OOM when changing prompts while using Q8_0 and Q8_0 t5xxl models.

city96 / ComfyUI-GGUF

GGUF Quantization support for native ComfyUI models

Apache License 2.0

723 stars 41 forks source link

OOM when changing prompts while using Q8_0 and Q8_0 t5xxl models. #89

Closed DominoUB closed 2 weeks ago

DominoUB commented 2 weeks ago

When using the quant models, and changing the prompt, it caps out both my VRAM and RAM unless I unload the model between prompt changes.

Workflow Steps to replicate

Generate an image.
Change part of the prompt.
Queue another image without unloading the model.

Work around

Generate an image
Clear the model cache
Change the prompt
Queue another image

Hardware: 4080, 32GB DDR4 RAM, 10400kf, SATA Samsung Evo 860 SSD.

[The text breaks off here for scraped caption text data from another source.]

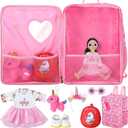 Wettarn 18 Inch Doll Carrier Set with Clothes and Accessories Including Doll Travel Bag, Dress, Shoes, Sunglasses, Backpack and Unicorn for Unicorn Birthday Gift (Cute,Red) (As Pictures Show)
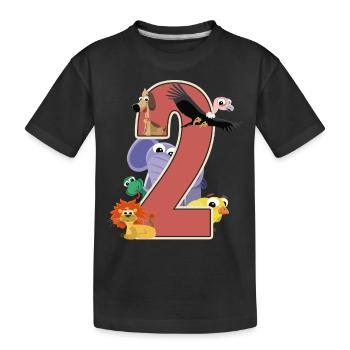 2e anniversaire 2 ans Deux jeunes filles cadeau - T-shirt bio Premium Enfant - noir - Devant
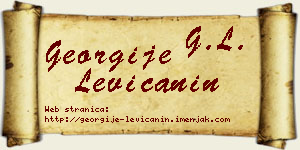 Georgije Levičanin vizit kartica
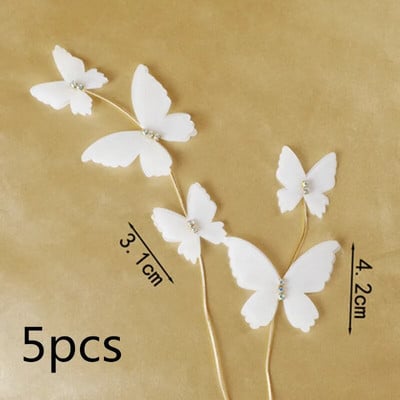 3D Butterfly Happy Birthday Cake Topper Diamond Butterfly Weddind Party Cake Topper Διακόσμηση τούρτας του Αγίου Βαλεντίνου Baby shower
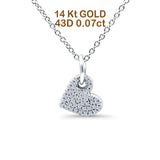 14K White Gold 0.07ct Round Shape Diamond Dangling Heart Pendant Chain Necklace 18" Long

cmcjas commented 2 weeks ago

same issue here as well, the default dual clip loader with fp8 weight worked fine, I think what it needs is to unload the clip model and reload it after a prompt change

city96 commented 2 weeks ago

Will most likely be fixed by this PR: https://github.com/city96/ComfyUI-GGUF/pull/92 (will merge tomorrow but you can test it now if you know how to switch branches).

cmcjas commented 2 weeks ago

Will most likely be fixed by this PR: #92 (will merge tomorrow but you can test it now if you know how to switch branches).

Thanks much appreciated

cmcjas commented 2 weeks ago

Will most likely be fixed by this PR: #92 (will merge tomorrow but you can test it now if you know how to switch branches).

Just tested the ops branch, yeah the issue was gone. Ram usage was lower than before, vram usage same as before, however, inference speed is tiny bit slower not sure what's causing it.

Despite this, I feel like it's now more optimised and polished, no more reloading of model after a weight/prompt changed, everything just started instantly which is great. Good stuff!

DominoUB commented 2 weeks ago

I would say this is resolved now, works great, thanks so much.